At the encouragement of my wise and loving counselor, I’m strongly encouraging my brain and fingers to get back to blogging. For those of you who have paid attention, my blog has sat idle since about this post back in April. There are a few factors that have gone into that. First of all, we moved to a new house. With that, of course, came the necessary boxing, moving, unboxing and finding new homes for things. I have a wonderful new office/man cave space but let’s just say it’s not the most peaceful of place to go and write at the moment. Because of the move, we have also been visiting new churches since our move took us further away from the church we were already driving 20 minutes to attend. Another big change was my new job as the Admissions Counselor for Fuller Seminary here in Sacramento. So far the new job and my new coworkers have been great and it’s been an answer to prayer, but learning the ropes has not given me much free time to blog. The icing on top of this transition cake is that my wife found out she was pregnant and has dealt with horrible morning sickness (as seems to be her way). This has also slowed our unboxing and moving in to the new house along with essentially turning me into a single father for the last 3 weeks or so.
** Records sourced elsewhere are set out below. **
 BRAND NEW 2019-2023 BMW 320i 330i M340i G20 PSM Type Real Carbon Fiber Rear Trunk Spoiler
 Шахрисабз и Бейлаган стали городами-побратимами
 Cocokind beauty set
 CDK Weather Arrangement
To put that all in perspective, most of that transition happened within the span of a week. If God is moving me from the wilderness of the past year, it’s all felt a bit sudden. Probably similar to what Jonah felt like when the whale emesis’ed him on the shores somewhere outside of Ninevah. Needless to say, I have not had the mental capacity or the luxury of time to sit down and actually write something out.
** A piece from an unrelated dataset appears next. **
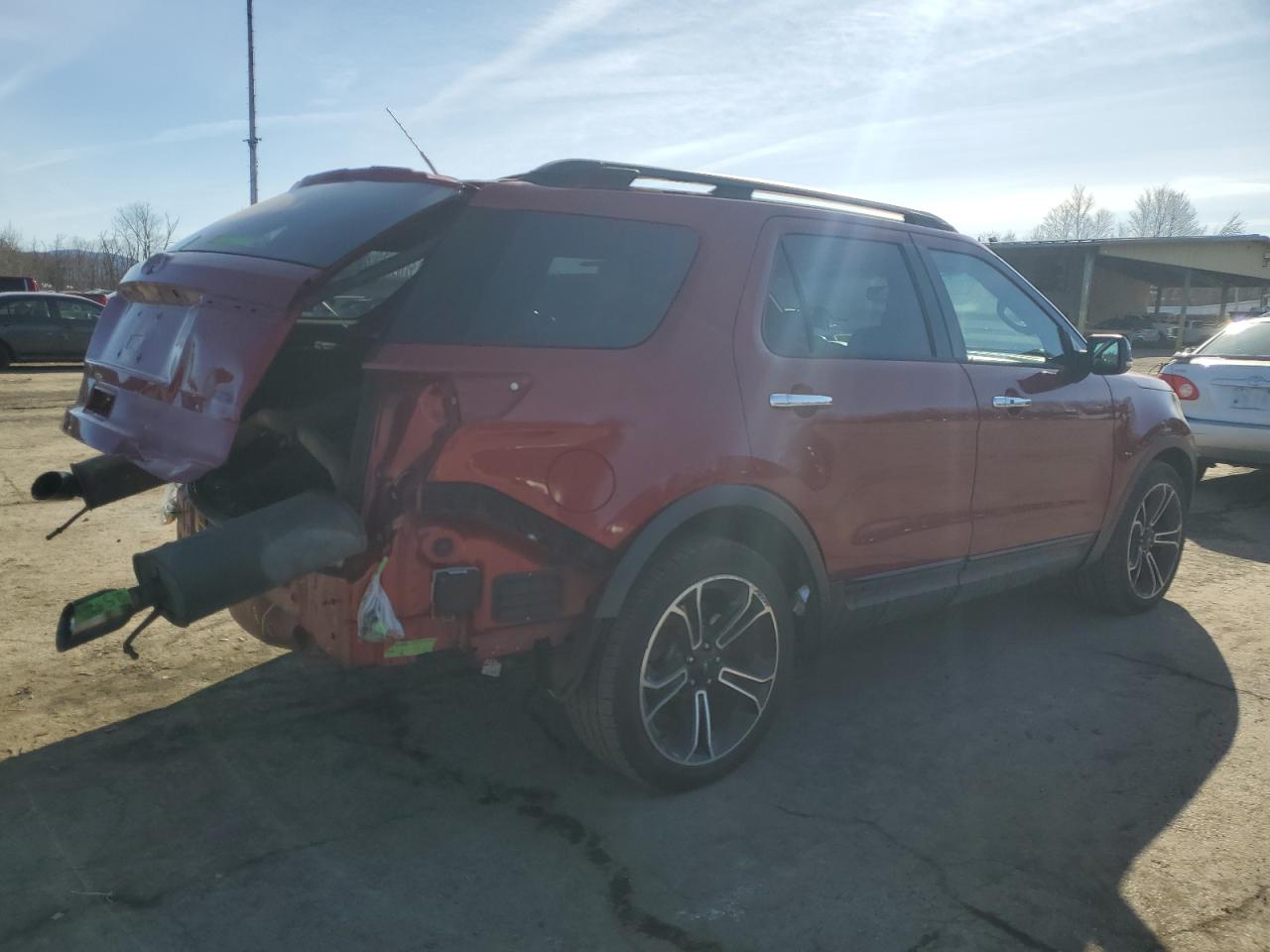 2014 Ford Explorer - Image 3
Aside from the things taking up my time, the airwaves have been overflowing with an overwhelming amount material I would love to comment on. But, I feel a bit like the poem by Shel Silverstein where a girl tries to eat a whale and it takes her 89 years to finish. There is so much out there to talk about, I wouldn’t know where to begin. Even if I did, between what’s happening in my life and on the news, it would take me at least 89 years to get through it all.
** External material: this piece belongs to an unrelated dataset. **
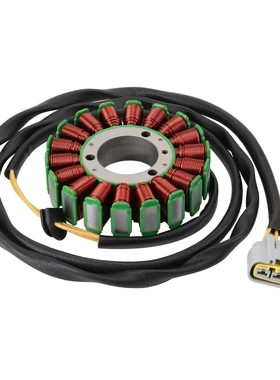 摩托车配件电磁定子线圈适配2013-2018StatorforCan-Am Outlander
For example, I’m writing this on a day when the supreme court decided in favor of same-sex marriage, President Obama gave a speech (and sang Amazing Grace) at the funeral for the pastor killed along with eight other parishioners at the Mother Emmanuel African Methodist Episcopal church and there were 60 people killed in separate terrorist attacks in Tunisia, France and Kuwait.
So, I’ll spare you that novel it would take to appropriately address EVERYTHING that has gone on and (naïvely I’m sure) try to swallow this whale in one gulp.
I’ve always found these words from the Sermon on the Mount to echo through my heart and mind when life piles up and the news is overflowing.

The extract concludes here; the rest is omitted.